AIR ORCHESTRA

Summary

Goal

The goal of this project is to build a real-time mixed-reality (AR/MX) system that allows users to interact with a virtual orchestra in space using their environment.

The system is designed to be plug-and-play, requiring no calibration, and to run on low-power devices.

Main objectives:

Create a real-time interactive “air orchestra” experience
Ensure zero-setup usability (no calibration required)
Keep the system as lightweight as possible (high portability
Avoid heavy ML/VLM-based solutions in favor of efficient computer vision techniques
Design a modular and extensible architecture for future expansions and features

Architecture Rationale

The codebase was organized according to the role of each module.
The main criterion was to separate data acquisition, processing logic, visualization, resource management, and persistence.

Input Layer

The input/ folder contains components responsible for reading or estimating incoming data from external sources.

camera.py stores the camera model (CameraIntrinsics, Camera) because these classes describe the sensing device used by the system.
depth_model.py contains depth estimation because it produces depth information from input images.
hand_tracking.py contains hand-related functions because they interpret live gesture input.

input modules do not implement application logic; they only transform raw or external data into a usable form.

Core Layer

The core/ folder contains the main computational logic of the application.

geometry.py includes geometric computations such as normal estimation, rotation matrices, and size estimation.
surface.py includes depth normalization and surface clustering because these operations extract meaningful structure from depth data.
floor_detection.py contains floor and surface masking logic because it classifies regions of the scene.
mesh_transform.py handles mesh transformations because it applies scale and translation to 3D objects.
collision.py checks overlaps because collision detection is part of the placement decision process.

they do not depend on user interface rendering or file I/O. They represent the actual reasoning part of the system.

Rendering Layer

The rendering/ folder contains everything related to visualization.

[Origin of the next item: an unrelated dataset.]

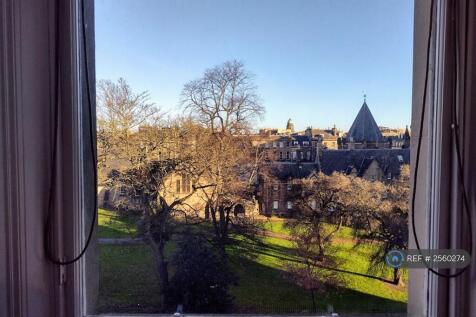 View From Bedroom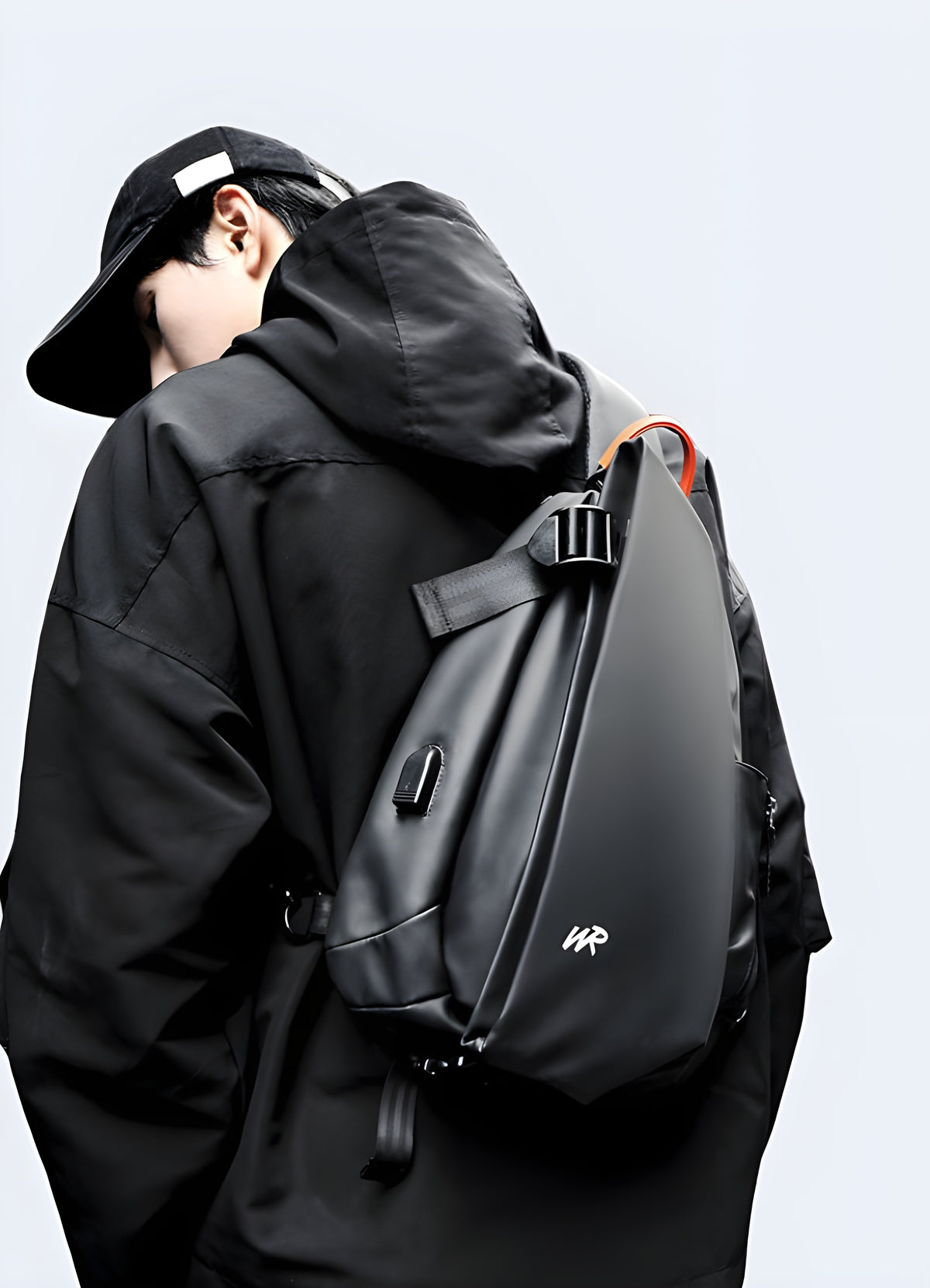 Tech Sling Best Urban Sling Bag – Techwear Australia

depth_visual.py converts depth maps into displayable images and overlays masks.
scene.py draws the status and scene elements on screen.

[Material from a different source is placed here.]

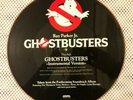 Ray Parker Jr Original GHOSTBUSTERS 1984 picture disc Near Mint ARIPD 12580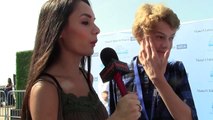 Henry Dangers Jace Norman Interview Alexisjoyvipaccess Mattel Party On The Pier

This separation is useful because visualization should remain independent from the underlying placement logic.
As a result, the same computation can be reused even if the presentation changes.

Assets Layer

The assets/ folder contains resources and helper functions for loading them.

mesh_loader.py loads 3D models and provides a fallback mesh.
sound.py handles audio playback and sound selection.

Storage Layer

The scene_storage/ folder contains functions for saving and loading placements.

serialize_placements
save_placements
load_placements

Application Layer

init.py
main.py

Input -> Core Processing -> Collision/Placement -> Rendering -> Storage

Method

Input

RGB image captured by the laptop camera
Camera intrinsic parameters (fx, fy, cx, cy) assumed from a pinhole camera model

Depth estimation

The system processes the RGB image using Depth Anything to generate a monocular depth map. This depth map is then projected into a 3D point cloud using assume camera intrinsics. By doing so, the scene is represented in 3D space rather than purely in image space.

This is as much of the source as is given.